When it comes to dealing with the stresses of money, family and friends, health, job stress and job security, what do people do? Top five responses to life’s worries were socialising with friends and family, listening to music or reading a book, exercise, talking to people about one’s feelings and spending one-on-one time with a partner.
The significant omission from that list is the one thing that Jesus is trying to communicate in his teaching in today’s gospel. You have no need to worry because God is caring for you, he says, concluding:
Strive first for the kingdom of God and his righteousness, and all these things will be given to you as well.
Serve God – and everything else will fit into place.
Serve wealth – and God will end up taking second place.
Issues of material security – our money and employment – seem to be significant factors in us losing our sleep. But while relationships emerge as at least as much an antidote to worry as a cause, having a relationship with God does not seem to feature highly on the list of people’s ways of dealing with worry. Given that so many of us worry, it is worth hearing what Jesus has to say about the matter.

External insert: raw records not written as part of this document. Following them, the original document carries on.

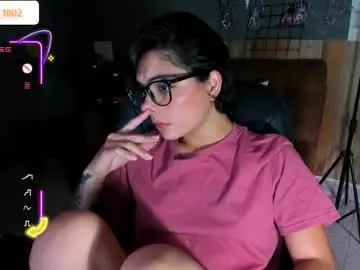 Chaturbate Live Sex of isarogers_dl
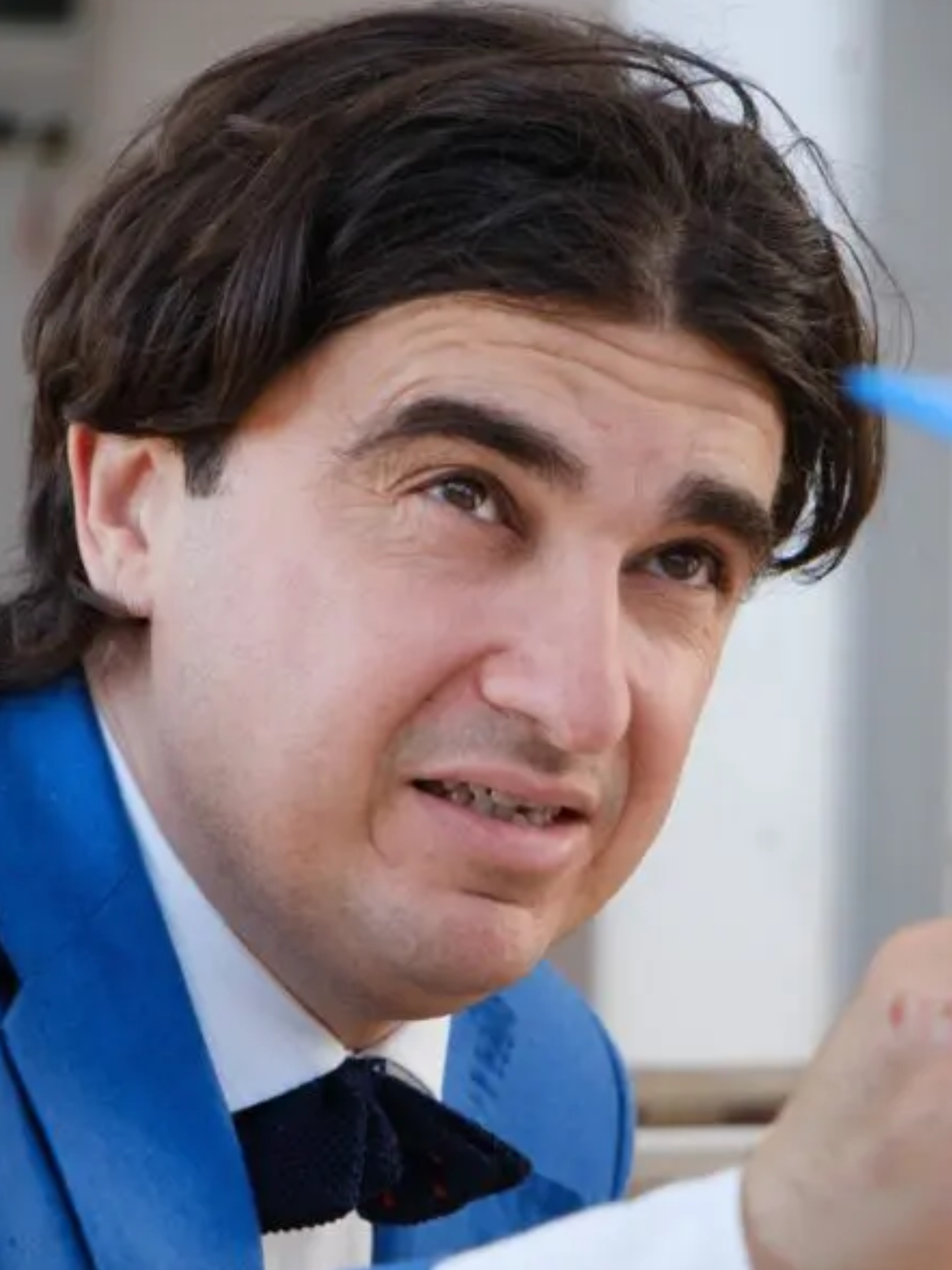 Attore: Roberto Gasparro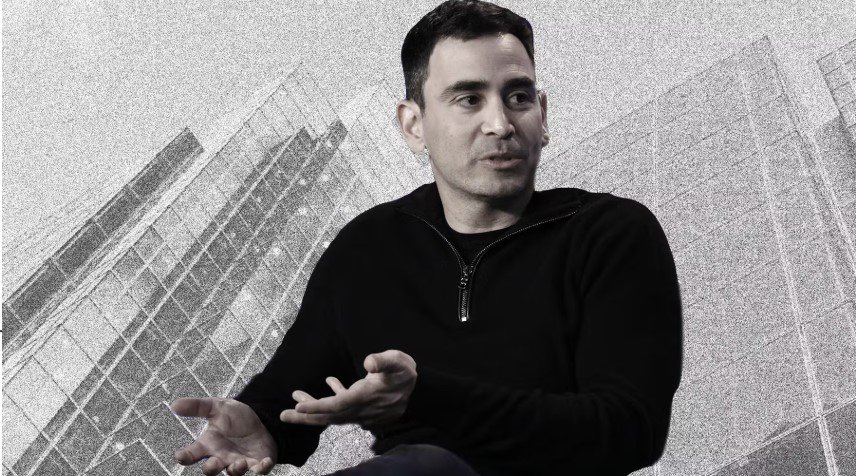Οι «συγχωνεύσεις» μικρών εταιρειών σε έναν όμιλο είναι αρκετά συνηθισμένες στον τομέα των ιδιωτικών κεφαλαίων / FACEBOOK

Anxiety, Jesus insists, is counter-productive. Worry cannot add an hour to our life-span. Indeed, the opposite may be true.

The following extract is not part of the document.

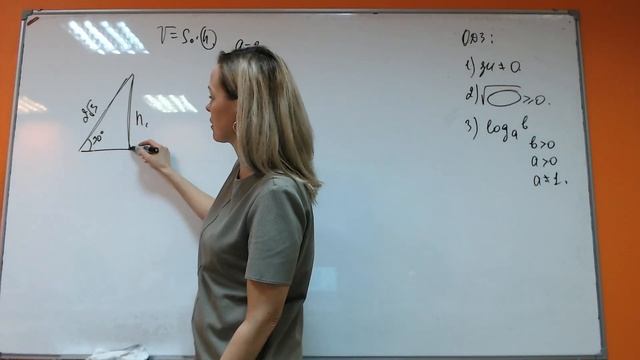 Математика ЕГЭ-111 Разбор пробников смотреть онлайн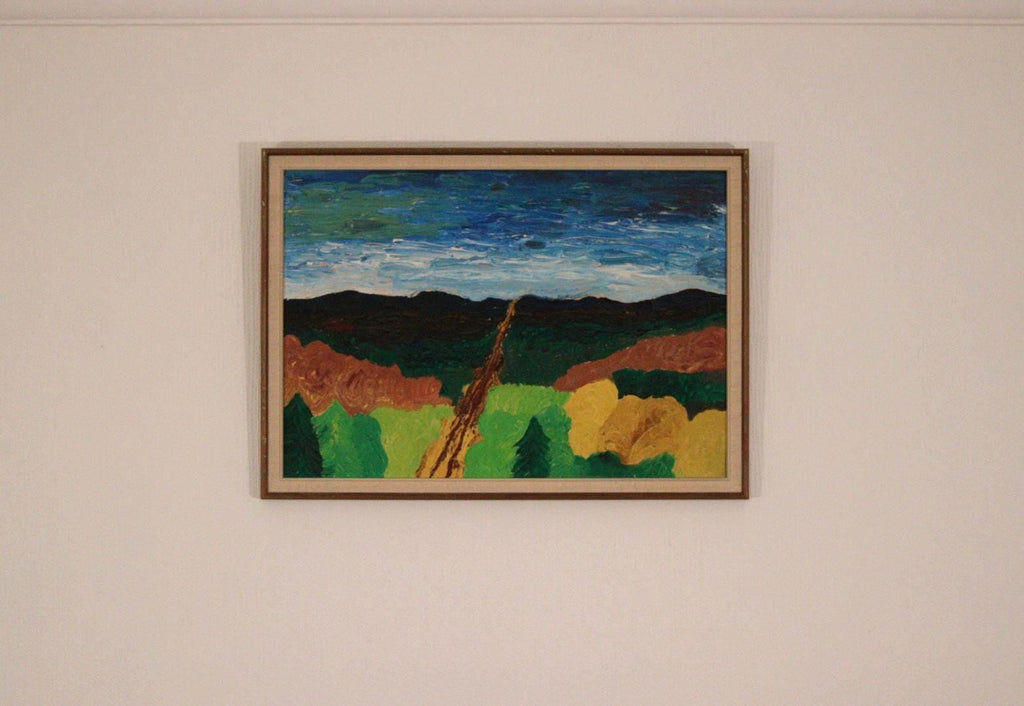 Landscape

Jesus doesn’t say that we shouldn’t make plans for the future. He does say that we should not let the future worry us – because however anxious we get it isn’t going to change things.
He doesn’t say that material provision is unimportant – but he does make it clear that it should not pre-occupy us and push aside life’s greater priorities: God’s kingdom, our relationship with God and those around us. We can only serve one master, he says, God or wealth.
His point is that worrying about everything, getting stressed, doesn’t give us any more security than we already have. All it does it disconnect us from the source of the only real security we can have in this life – Jesus, the Lord of yesterday, today and forever, whose provision we experience in the present moment. Right now he is providing you with the very air that you breathe.
So don’t worry because getting anxious, stressed, isn’t going to make any difference – but take your worries to God – this is the message of Jesus to us this morning.
Perhaps Jesus had in mind the words of the Psalmist from Psalm 5522 – Cast your burden on the Lord, and he will sustain you.